We plan to provide a patch for HEAD (deadlocks).
Will be good if other OCT members comment on what we have discussed, then we can apply the patch to HEAD.
Also, we need a patch for dropping the use of cr_dummy in favor of the function call.
The approach with the BEGIN .. END in dml statements (mentioned earlier) lead to other problems, so i changed for the time being the few instances, where sql statements inserts directly into the TABLENAMEi view, the command from db_dml to db_0or1row. This is necessary, since the rule processor of postgres rewrites now the insert rule into a select query calling the stored procedure. This happens only in three cases (acs-content-repository, dynamic-types, xowiki). There is as well an update to the TABLENAMEi view in form-procs of dynamic types, it might be necessary to check if this is ok.
The upgrade script contains the altered rule generator which generates now a rule + a stored procedure, which uses a variable to hold the temporary result. This should be faster than the old version based on cr_dummy, which essentially allows only one insert at a time.
The code was only tested with postgresql 8.0.
This patch is not intended for the general public,
but for developers for testing purposes. so, the
patch is against CVS head.
How to use this:
- make a dump of your database
- run the .sql file with
psql -U ... < cr-deadlock-duplicate-upgrade.sql
- cd packages; patch -p0 < cr-deadlock-duplicate.patch-HEAD
If we want to proceed with the patch, it will be necessary to provide a patch for content-types.sql as well.
I tried to modify the SQL script in order to apply the patch on PG 7.4.7 but since the "new" object of the rule can't be sent as a parameter the functions have to be generated with a parameter per column. This led to another problem because there are some revision views (e.g. as_sessionsi) with more than 32 attributes and 32 is the parameter limit for PG functions.
So, the chosen approach was to apply this change to every view with 32 or less attributes. Any advice will be really appreciated, though I think upgrading to PG8.1 would be the best to do :)
There are different options to solve this:
- Creating a function for each content type and call this function from the rule, the down side of this is that the insert would return a row and thus the db driver would return a "not dml nor ddl" exception, so the insert to the view would have to be invoked from a db_plpsql_exec and it would break any external direct insert to the view
- Having also a "dummy" dml call into the rule that would be invoked just to execute the function
- Taking content_revision__new call out of the rule, invoking it before the insert and the rule would just insert one row into the content type corresponding table
Which option makes more sense? (if any)
Should we add this to content::revision::new ?

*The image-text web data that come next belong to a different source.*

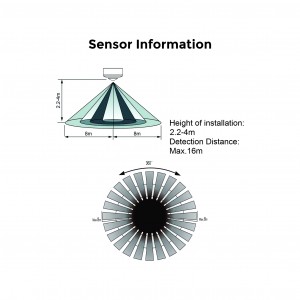 Sensore di movimento PIR 2 in 1 (da superficie/da incasso) - 360º - IP20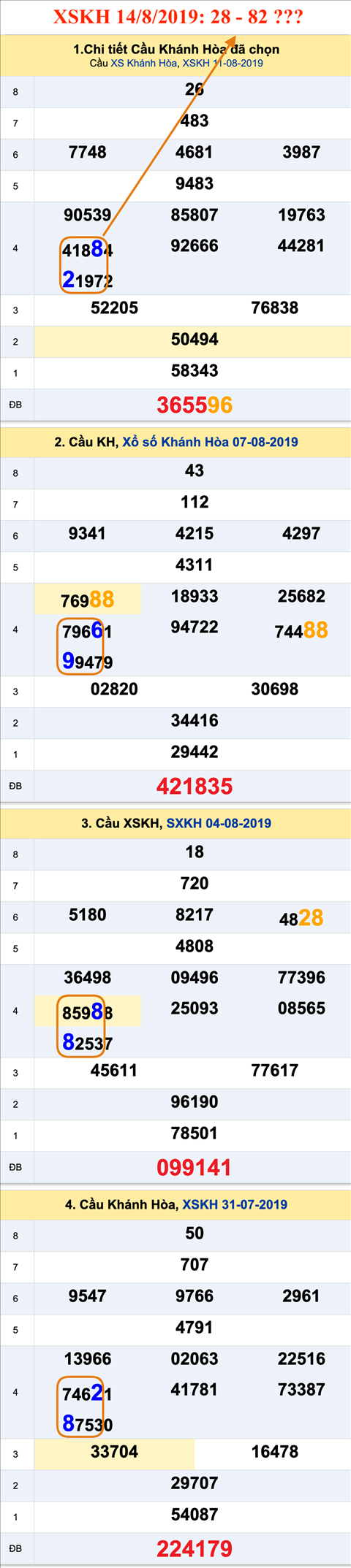 An so XSKH 14-08-2019 An so XSKH 14-08-2019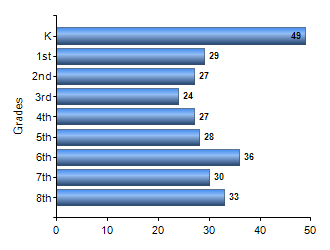 Chart1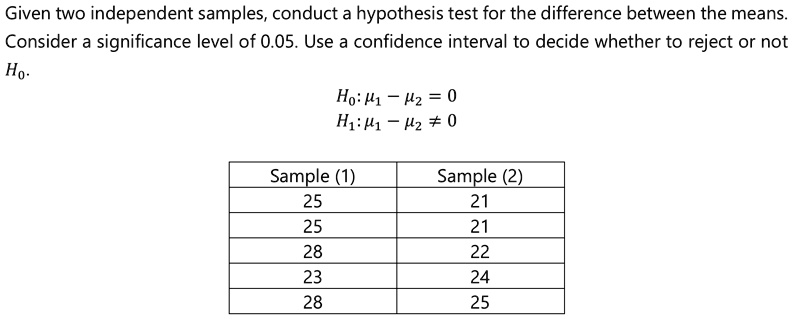 Given two independent samples, conduct a hypothesis test for the difference between the means.
Consider a significance level of 0.05. Use a confidence interval to decide whether to reject or not H0.
H0: μ1 - μ2 = 0
H1: μ1 - μ2 ≠ 0
Sample (1)	Sample (2)
25	21
25	21
28	22
23	24
28	25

I am not sure, how Oracle deals with updates on foreign keys, but i would expect, it does not have this problem as well. It is likely, that in times before MVCC, postgres did not have these issues either.
Both problems are postgres related. Oracle might have problems on its own, but not these. So far, with this patch, i have not seem both of the problems any more.
I am not sure, how Oracle deals with updates on foreign keys, but i would expect, it does not have this problem as well. It is likely, that in times before MVCC, postgres did not have these issues either.PG didn't implement foreign key constraints until well after MVCC was implemented (I was one of the people who worked on the first foreign key constraint implementation). Bottom line is that use of foreign key constraints should not cause deadlocks and should not require explicit locking by the application. We should view this as a PG bug that needs a workaround. Has anyone tried this with the latest version of PG? I know locking issues were being worked on for foreign key constraints oh ... a year or so ago???
i have committed the discussed patch with some additions to cvs head. the modifications contain
- a new version number for acs-content-repository (5.3.0d2)
- an upgrade script 5.3.0d1-5.3.0d2
- the lock for item_new and revision_new
- cr_dummy is removed
- the update to change db_dml to db_0or1row in dynamic-types
i have tested the upgrade from 5.3.0d1 and a new install
with acs-content-repository 5.3.0d2. i have not tested dynamic types. The update of xotcl-core will follow separately, since it accompanies a major update for xowiki.
note, that the head version requires now postgresql 8.*
In the University of Valencia we have the same problem with assessment (ERROR: duplicate key violates unique constraint "acs_objects_pk")
It is possible to apply the patch to branch oacs_5_2, somebody has tried it?
We have the assessment version 0.22d2.
We copied these files from head to 5_2 to solve the problem on our production instance:
At the moment it seems that it worked well.
Thanks for the help
This are great news, but this does not simplify release management. Interestingly enough, since OpenACS 5.3 seems to work under Oracle, i deduce that
db_dml lock_objects "LOCK TABLE acs_objects IN SHARE ROW EXCLUSIVE MODE"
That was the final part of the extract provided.